__Exercise materials__
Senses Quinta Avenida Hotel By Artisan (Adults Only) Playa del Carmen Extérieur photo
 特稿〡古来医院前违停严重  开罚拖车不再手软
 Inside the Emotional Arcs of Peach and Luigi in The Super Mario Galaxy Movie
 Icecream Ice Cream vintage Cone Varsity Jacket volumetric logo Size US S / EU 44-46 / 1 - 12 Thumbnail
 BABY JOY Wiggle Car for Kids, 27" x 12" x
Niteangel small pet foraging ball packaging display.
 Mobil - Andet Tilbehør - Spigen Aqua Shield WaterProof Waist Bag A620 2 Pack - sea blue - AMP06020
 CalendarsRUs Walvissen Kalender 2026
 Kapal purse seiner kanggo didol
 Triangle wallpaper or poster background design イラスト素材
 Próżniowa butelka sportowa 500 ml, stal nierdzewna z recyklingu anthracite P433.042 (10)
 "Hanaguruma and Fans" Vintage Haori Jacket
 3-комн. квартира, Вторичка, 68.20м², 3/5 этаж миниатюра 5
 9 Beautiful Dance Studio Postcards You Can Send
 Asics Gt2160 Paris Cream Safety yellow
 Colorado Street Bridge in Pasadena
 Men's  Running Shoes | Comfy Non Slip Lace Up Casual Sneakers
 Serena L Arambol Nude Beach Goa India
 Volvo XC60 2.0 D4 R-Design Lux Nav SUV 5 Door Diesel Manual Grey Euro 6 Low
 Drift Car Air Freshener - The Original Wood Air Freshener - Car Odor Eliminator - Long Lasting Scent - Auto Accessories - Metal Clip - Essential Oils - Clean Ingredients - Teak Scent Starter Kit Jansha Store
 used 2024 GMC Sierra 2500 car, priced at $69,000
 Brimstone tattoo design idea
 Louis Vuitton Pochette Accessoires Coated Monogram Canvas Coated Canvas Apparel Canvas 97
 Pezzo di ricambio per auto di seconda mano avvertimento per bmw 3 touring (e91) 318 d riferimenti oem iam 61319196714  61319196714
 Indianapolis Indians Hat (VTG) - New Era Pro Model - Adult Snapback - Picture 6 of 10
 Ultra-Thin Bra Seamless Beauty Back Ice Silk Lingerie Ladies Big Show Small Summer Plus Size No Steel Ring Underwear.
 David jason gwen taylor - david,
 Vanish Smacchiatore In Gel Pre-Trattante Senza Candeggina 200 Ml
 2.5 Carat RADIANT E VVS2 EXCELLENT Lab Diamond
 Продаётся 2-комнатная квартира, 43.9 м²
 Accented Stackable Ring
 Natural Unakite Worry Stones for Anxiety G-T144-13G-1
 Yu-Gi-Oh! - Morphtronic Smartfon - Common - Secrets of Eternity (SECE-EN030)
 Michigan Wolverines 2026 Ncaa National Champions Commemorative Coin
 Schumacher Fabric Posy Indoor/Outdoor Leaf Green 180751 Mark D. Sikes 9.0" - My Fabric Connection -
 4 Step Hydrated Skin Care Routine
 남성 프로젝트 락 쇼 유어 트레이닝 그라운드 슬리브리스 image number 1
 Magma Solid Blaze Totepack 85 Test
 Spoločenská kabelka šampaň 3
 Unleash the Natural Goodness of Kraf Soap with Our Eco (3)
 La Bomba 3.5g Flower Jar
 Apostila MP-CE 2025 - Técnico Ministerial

__Exercise requirements__
Return only the lines between the one holding "Serena L Arambol Nude Beach Goa India" and the one holding "Pezzo di ricambio", inclusive, exactly as they appear above.

__Problem solution__
 Serena L Arambol Nude Beach Goa India
 Volvo XC60 2.0 D4 R-Design Lux Nav SUV 5 Door Diesel Manual Grey Euro 6 Low
 Drift Car Air Freshener - The Original Wood Air Freshener - Car Odor Eliminator - Long Lasting Scent - Auto Accessories - Metal Clip - Essential Oils - Clean Ingredients - Teak Scent Starter Kit Jansha Store
 used 2024 GMC Sierra 2500 car, priced at $69,000
 Brimstone tattoo design idea
 Louis Vuitton Pochette Accessoires Coated Monogram Canvas Coated Canvas Apparel Canvas 97
 Pezzo di ricambio per auto di seconda mano avvertimento per bmw 3 touring (e91) 318 d riferimenti oem iam 61319196714  61319196714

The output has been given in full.